‎"Il buon giornalismo sa che i fatti non sono mai al sicuro nelle mani del potere e se ne fa custode nell'interesse dell'opinione pubblica"
Giuseppe D'Avanzo

08/04/11

L’AltrOpinione di Antonello Scorziello. I primi sconfitti? Gli assenti!

Antonello Scorziello, parente dei gestori dell'Agriturismo Mammarella, si occupa di comunicazione e marketing. Ha operato a lungo anche nella comunicazione pubblica e promozione territoriale, quest'ultima impossibile da realizzare senza la prima. Lui lo sa, ma gli altri, quelli che parlano di sviluppo e valorizzazione dov'erano al primo vero "faccia a faccia"?



Strano popolo quello degli altavillesi. È vero che ne faccio parte anche io da qualche anno, ma non avendo mai vissuto in prima persona il momento elettorale non mi ero ancora reso conto di alcune sue peculiarità.

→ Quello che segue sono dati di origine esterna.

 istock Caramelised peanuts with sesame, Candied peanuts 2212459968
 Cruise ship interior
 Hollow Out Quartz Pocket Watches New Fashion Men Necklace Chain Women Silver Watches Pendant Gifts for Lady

Come molti sapranno qualche mese fa ho realizzato un sondaggio d'opinione tanto per farmi un'idea di come la pensassero i mie concittadini sul nostro paese e sul suo futuro. La stragrande maggioranza di loro, in totale autonomia, ha espresso dei giudizi che non ho potuto far altro che condividere, soprattutto riguardo ad un diffuso malessere generale verso chi ha amministrato negli ultimi anni.

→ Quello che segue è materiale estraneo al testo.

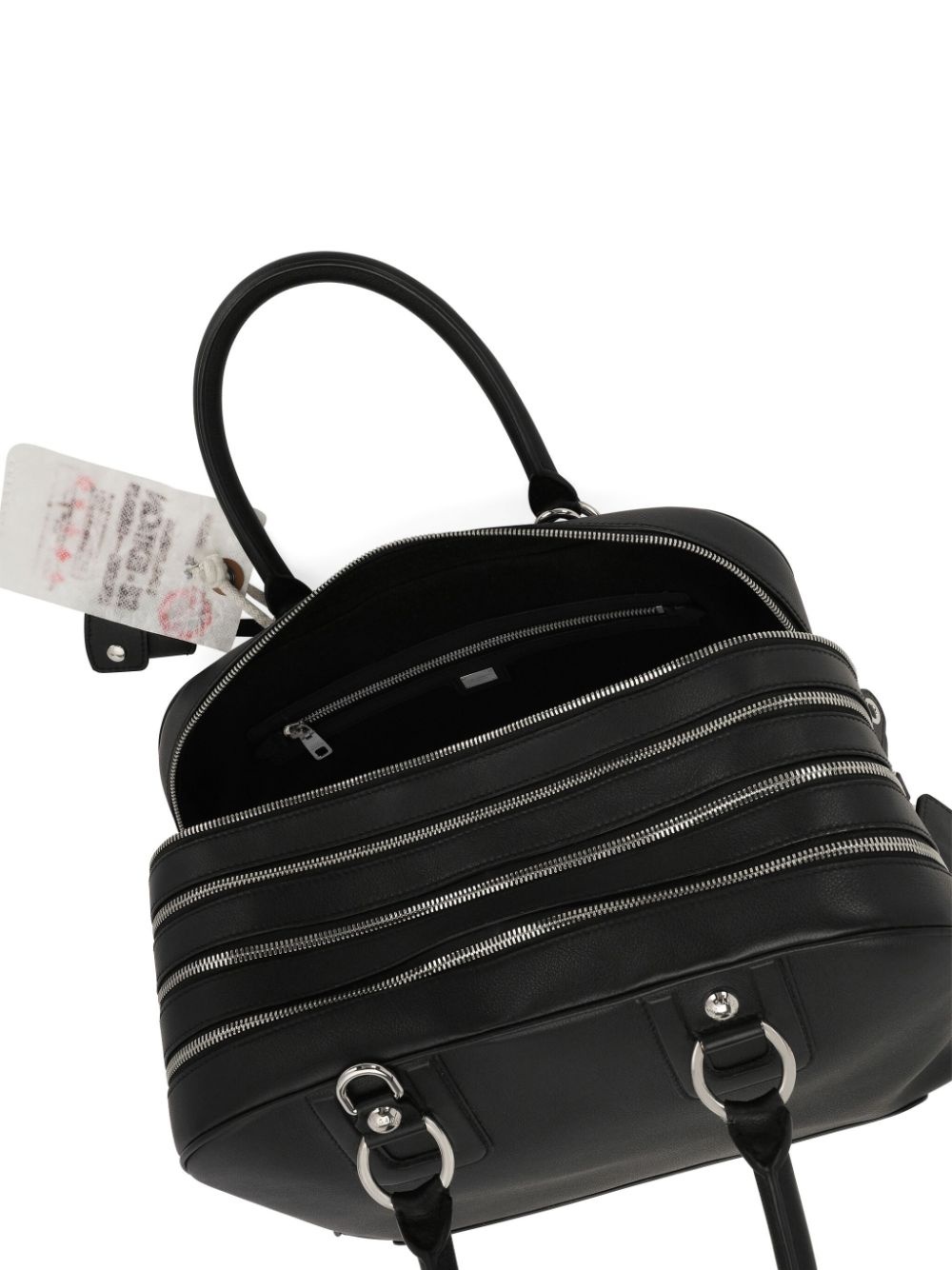 Re-Edition logo-plaque leather tote bag - 4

L'aspetto singolare è che al momento di agire, partecipare, proporre e ascoltare, tranne poche 'evolute' eccezioni legate soprattutto ai giovani, ad internet e al mondo associativo, vedo un paesino svizzero dove tutto funziona, dove non esiste il minimo problema e dove ogni recriminazione appare superflua. Ne è stato ulteriore dimostrazione l'incontro avvenuto a Cerrocupo il primo aprile organizzato da Aldo Ingenito. Probabilmente molti sono stati frenati dall'infelice scelta della data. Poteva essere solo un pesce d'aprile l'evento che avrebbe raccolto nello stesso luogo gli amministratori passati e futuri della nostra Altavilla. Un pesce d'aprile non è stato.

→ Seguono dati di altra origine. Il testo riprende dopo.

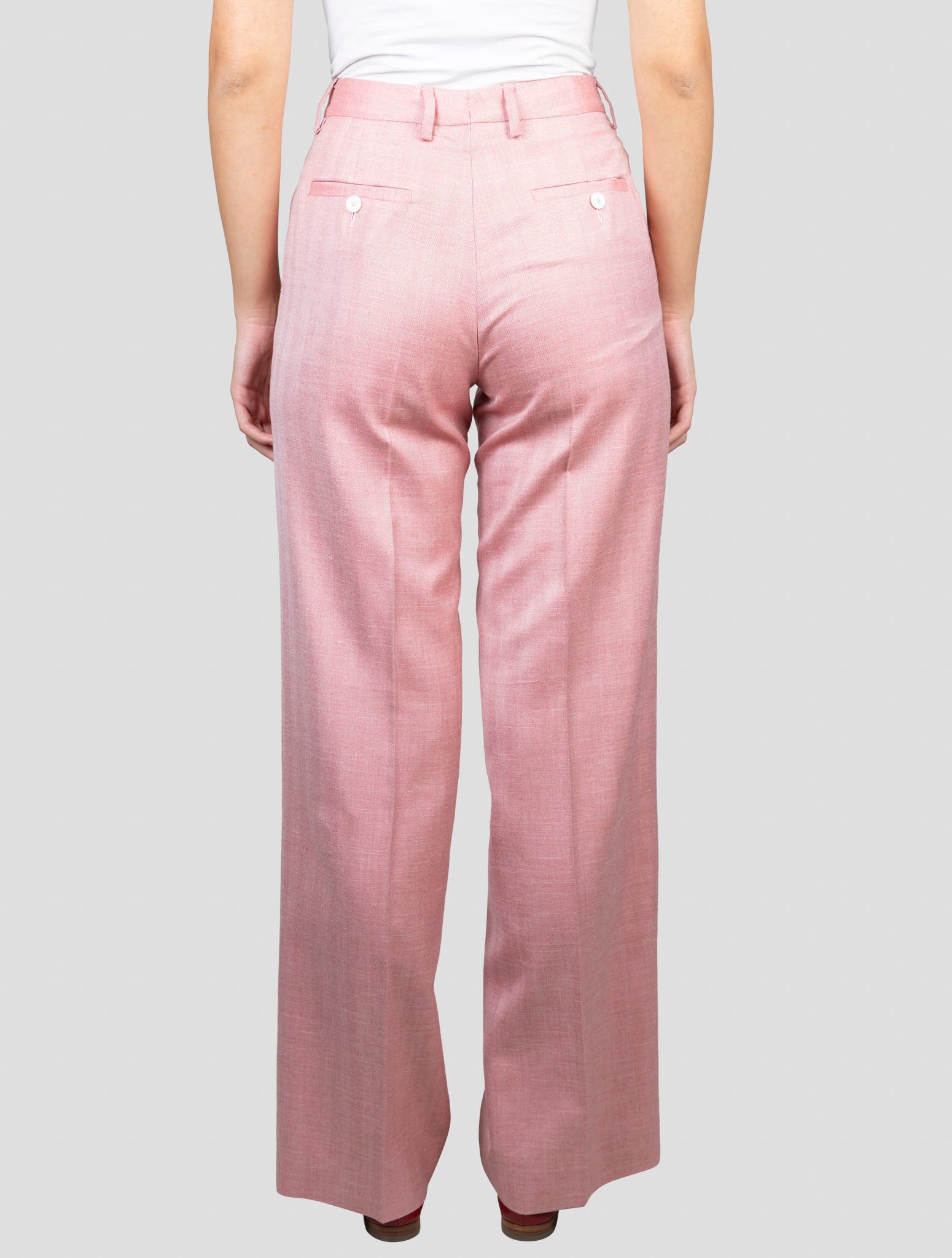 Kiton Pink Silk Cashmere Linen Pants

Nonostante le defezioni di alcuni di loro, i tre presenti, Michele Gallo, Rosario Gallo e Gerardo di Vernieri ( leggi il suo programma ) nella pressochè totale assenza del popolo altavillese hanno discusso, anche animosamente, per più di due ore sul passato e sul futuro di Altavilla anche sollecitati dalle vertenze quotidiane dei pochi coraggiosi presenti. Si è discusso di agricoltura, di centro storico, di finanziamenti, di risorse naturali, di appartenenza politica e tanto altro. Si possono avere dei pregiudizi sulle persone, si possono rimproverare alcune scelte passate, si può anche protestare vivamente, si possono avere idee diverse ma, da che mondo è mondo, in democrazia gli assenti hanno e avranno sempre torto.
È possibile che nessuno abbia sentito l'esigenza di ascoltare le idee e le intenzioni di tre potenziali amministratori per poi determinarle con il proprio voto? Proprio per la consistenza dei contenuti, ma anche per la competenza, a vario titolo, dei relatori, devo dire che non è emersa dalla discussione nessuna verità assoluta e nessun vincitore. Di per certo so chi quella sera ha perso: chi non c'era. E parlo sia degli amministratori assenti che degli elettori assenti. Prometto il mio voto al candidato sindaco che imporrà l'obbligo di corsi di educazione civica per tutta la popolazione menefreghista e inutilmente lamentosa. E voi dove eravate?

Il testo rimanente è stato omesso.